The Road So Far

I have had migraines for more of my life now than I have been healthy. 

This realization was something that stuck with me in July of 2023, which hit me suddenly and without warning. I can remember the day of my first migraine attack, which felt like only a couple of years ago. I remember being in my house on the chaise, when suddenly I got this intense pain radiating through my eyes, worsening with every fraction of light that I allowed my squinty eyes to take in. Back then I thought that it would be a once in a while occurrence. How could it have possibly been in my life more often than not?

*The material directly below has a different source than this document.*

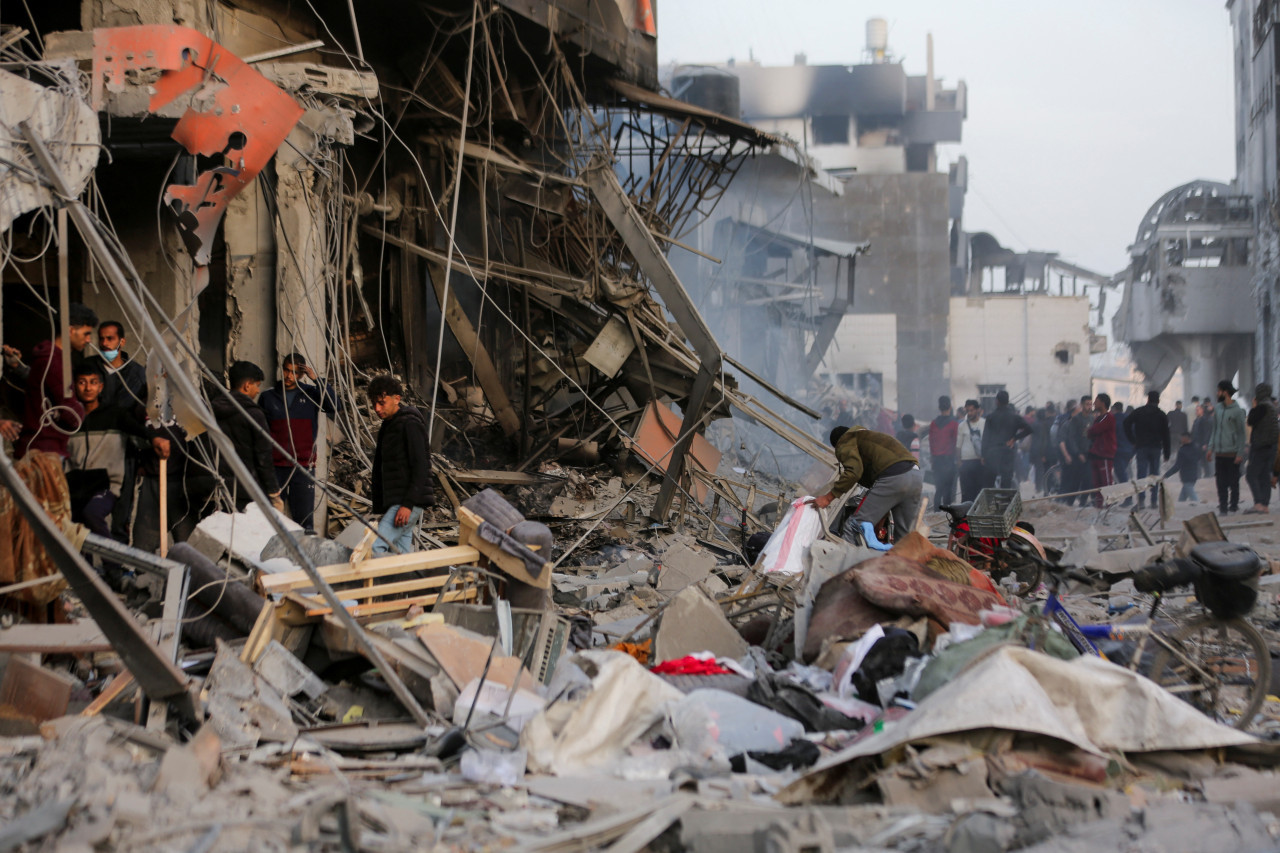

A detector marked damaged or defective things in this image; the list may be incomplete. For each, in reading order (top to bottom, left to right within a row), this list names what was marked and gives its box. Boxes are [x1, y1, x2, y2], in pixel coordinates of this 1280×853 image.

damaged multistory building [0, 0, 829, 535]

    I had been diagnosed with migraines when I was 12 years old, when I was told that getting rid of the migraines that I was experiencing was going to be a quick and painless process. I would be on medications for a while but they would go away with time, I was assured. This was the long term solution that I foolheartedly believed. The doctor was the professional, after all, and I was barely into my 5th grade school year at the time. I was prescribed my first rescue medication for migraines. The first time I used it, my migraine went away within an hour- and I remember running around in circles in my livingroom, excitedly declaring that we had found a solution to my mom. That solution was only going to be effective for a few months before I was put on a daily medication. I was the first of any of my friends to even consider taking medicine every day at the time.

    Flash forward to high school, where my migraines were present but manageable. I was able to stay home and sleep my migraines off if I ever got them. My grandparents were always at our home, and so I was able to be picked up whenever I needed to be- a luxury that many kids did not have. If there was a day where Nana and Papa were too busy to pick me up, I was able to lay down in the nurse's office with the lights off. The nurse and I had an understanding, as she also had this condition. I was praised for catching my migraines early by my parents, as they never stayed for longer than a few hours at this point. I remember missing very minimal school activities, and if I was sick I could always make the work up really fast. I have always been told that I had a very high level of intelligence, which was perfect for doing just enough work to impress the teachers into passing me with a good enough grade to maintain honor roll. I was only devastated by the one concert for chorus I had missed in al 8 years of performing- a night I spent in bed crying, cursing my genetics for giving me this condition. 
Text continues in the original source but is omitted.